Truth is I’ll be a better mom when I get back. Truth is Frank and I want and need to spend time with our other daughters without constant interruptions. We need time with each other. We need a physical and emotional break from care taking. The truth is Nani will be happy at home, she would prefer home.
But I feel her absence. I miss the other sister.
Reality is I’m privileged to get a reprieve from the care. Privileged to vacation in a beautiful spot. Privileged to have good round the clock care for Nani. Privileged to have a marriage that made it through raising a child with disabilities. Privileged to have grown daughters want to spend time with us. Please don’t think for a moment I feel I have earned it or deserve it. I have not and do not. If it worked that way-this beach would be overrun by families whose situation is SO MUCH MORE difficult than mine.
Nani loved vacations as a child. Some days Frank and I secretly voted her best kiddo to take along because she LOVED riding in the car. Happy as a lark as long as that car was moving. Never asked “are we there yet?”. However, when the car wasn’t moving we had a much different scenario.
To say it was not easy is a crazy understatement. It can be grueling to provide that level of care in an environment with a lot of unpredictable variables, especially when the person you’re caring for may have very unpredictable responses to those variables. In hindsight, I don’t know how we did it. But we did, and I’m so glad, so very grateful. There were so many things we couldn’t give her, but God gave us the grace to give her some great vacations.
She camped all over Texas and beyond. She saw the Grand Canyon, the Grand Tetons, Yellowstone, marvelous aquariums, the beautiful beaches of Destin, the mountains of New Mexico and Colorado, the Blue Ridge mountains in North Carolina, enjoyed beignets in New Orleans. She swam in the crystal clear waters of Balmorrhea, tubed on the Frio, bobbed in the ocean for hours on end, rode roller coasters at Six Flags, signed “more” and rode it again. But as Nani went through adolescence she made it clear that being away from home was stressful for her, and she needed us to hear her on that.
Part of my memory from each trip is a mosaic of seeing Nani’s reaction to all the new experiences, and people’s reaction to Nani, good, bad and funny. Trust me when I say we did not travel unnoticed.

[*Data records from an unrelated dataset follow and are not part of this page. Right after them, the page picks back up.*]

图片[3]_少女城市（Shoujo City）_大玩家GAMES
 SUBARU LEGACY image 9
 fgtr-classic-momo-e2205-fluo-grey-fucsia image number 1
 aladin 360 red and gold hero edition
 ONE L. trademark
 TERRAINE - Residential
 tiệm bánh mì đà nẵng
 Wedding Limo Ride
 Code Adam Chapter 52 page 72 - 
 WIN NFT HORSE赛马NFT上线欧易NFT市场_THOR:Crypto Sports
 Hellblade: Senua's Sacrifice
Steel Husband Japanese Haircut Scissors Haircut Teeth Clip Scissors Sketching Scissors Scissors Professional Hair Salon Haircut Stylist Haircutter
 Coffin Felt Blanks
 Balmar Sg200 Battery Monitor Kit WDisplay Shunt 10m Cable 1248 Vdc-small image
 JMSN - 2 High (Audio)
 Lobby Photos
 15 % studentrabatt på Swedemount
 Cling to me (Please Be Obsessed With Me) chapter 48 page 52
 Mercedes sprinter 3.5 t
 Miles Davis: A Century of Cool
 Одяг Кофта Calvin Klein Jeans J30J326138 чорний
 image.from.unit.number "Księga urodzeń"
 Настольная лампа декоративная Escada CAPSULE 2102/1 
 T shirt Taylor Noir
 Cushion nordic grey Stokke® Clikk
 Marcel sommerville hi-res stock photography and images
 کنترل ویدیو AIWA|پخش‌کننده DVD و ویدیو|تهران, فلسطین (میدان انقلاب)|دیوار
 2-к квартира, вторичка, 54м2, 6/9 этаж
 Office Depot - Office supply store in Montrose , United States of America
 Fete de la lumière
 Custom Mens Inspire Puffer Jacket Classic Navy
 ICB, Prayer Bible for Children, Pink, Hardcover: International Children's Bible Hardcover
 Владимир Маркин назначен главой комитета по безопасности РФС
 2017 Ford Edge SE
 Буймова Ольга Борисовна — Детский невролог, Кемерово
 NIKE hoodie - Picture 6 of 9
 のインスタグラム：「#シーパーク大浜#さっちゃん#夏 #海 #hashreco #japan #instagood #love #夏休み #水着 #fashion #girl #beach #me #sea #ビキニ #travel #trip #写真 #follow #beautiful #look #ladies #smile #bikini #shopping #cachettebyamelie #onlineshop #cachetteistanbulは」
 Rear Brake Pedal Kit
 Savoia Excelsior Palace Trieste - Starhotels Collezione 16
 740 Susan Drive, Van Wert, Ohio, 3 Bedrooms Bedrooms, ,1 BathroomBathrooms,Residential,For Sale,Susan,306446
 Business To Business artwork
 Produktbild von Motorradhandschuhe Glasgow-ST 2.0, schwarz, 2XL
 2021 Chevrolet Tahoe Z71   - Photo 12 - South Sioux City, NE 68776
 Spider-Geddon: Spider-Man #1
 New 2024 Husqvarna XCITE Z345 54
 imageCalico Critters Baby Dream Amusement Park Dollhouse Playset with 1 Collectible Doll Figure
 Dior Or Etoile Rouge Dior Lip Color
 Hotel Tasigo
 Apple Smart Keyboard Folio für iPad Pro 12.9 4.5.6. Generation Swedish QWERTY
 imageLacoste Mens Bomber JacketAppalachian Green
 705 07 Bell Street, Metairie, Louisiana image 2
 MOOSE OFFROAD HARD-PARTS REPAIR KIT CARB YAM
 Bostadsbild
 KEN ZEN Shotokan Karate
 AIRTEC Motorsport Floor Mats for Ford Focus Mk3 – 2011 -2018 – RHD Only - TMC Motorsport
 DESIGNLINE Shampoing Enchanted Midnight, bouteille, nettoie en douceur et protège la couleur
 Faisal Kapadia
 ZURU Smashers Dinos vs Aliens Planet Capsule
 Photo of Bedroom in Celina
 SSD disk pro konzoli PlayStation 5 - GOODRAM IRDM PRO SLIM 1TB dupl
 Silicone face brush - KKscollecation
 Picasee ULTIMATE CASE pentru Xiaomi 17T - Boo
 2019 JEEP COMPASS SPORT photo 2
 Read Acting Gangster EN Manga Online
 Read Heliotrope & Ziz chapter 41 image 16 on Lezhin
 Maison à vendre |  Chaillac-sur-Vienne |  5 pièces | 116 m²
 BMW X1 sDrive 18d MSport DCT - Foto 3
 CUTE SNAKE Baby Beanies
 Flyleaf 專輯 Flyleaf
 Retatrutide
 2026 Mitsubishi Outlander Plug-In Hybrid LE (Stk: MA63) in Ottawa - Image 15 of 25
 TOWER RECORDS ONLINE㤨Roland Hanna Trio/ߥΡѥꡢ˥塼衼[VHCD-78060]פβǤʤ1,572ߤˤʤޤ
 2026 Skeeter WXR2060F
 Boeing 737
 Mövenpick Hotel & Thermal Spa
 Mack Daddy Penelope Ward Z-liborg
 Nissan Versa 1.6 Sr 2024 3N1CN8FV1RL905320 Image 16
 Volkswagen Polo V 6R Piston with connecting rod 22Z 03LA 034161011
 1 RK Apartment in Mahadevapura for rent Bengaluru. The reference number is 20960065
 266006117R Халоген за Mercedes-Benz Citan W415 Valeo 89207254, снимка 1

One particularly sweet memory happened on our first trip to New Orléans enroute to Destin. We spent the morning exploring Jackson Square. One of the street performers was a mime making balloon animals. Ashley and Meghan each took a dollar and stood in the big crowd of children around the mime, while Frank and I waited with Nani on a bench nearby. As their turn came, the mime made each of them a balloon, then his eyes began slowly searching the square. After a moment he extracted himself from the crowd of children, and made his way over to Nani. With a little bow he presented her with a balloon animal, and breaking his silence said, “no charge, my honor” and walked away to continue filling balloon requests.
Twenty plus years later it is still a memory I treasure. The day a stranger saw past Nani’s disabilities to the child beyond, just another sister who would love a balloon animal.
It was also a lesson in objectifying I try not to forget. You see we made the (dumb) decision to not get Nani a balloon animal because she would be unhappy when it popped. We objectified Nani when we based our decision on the fallout for us, rather than what was important to her. We looked at the disability, not the child.
That balloon animal was a priceless gift to us all.
Nani was delighted with her balloon. Her sisters were overjoyed at the special attention Nani received.
Frank and I were delighted to have someone really see all of our little girls, and help us see all of them, too.
For a short while on a hot August day we were just another family on vacation in Jackson Square.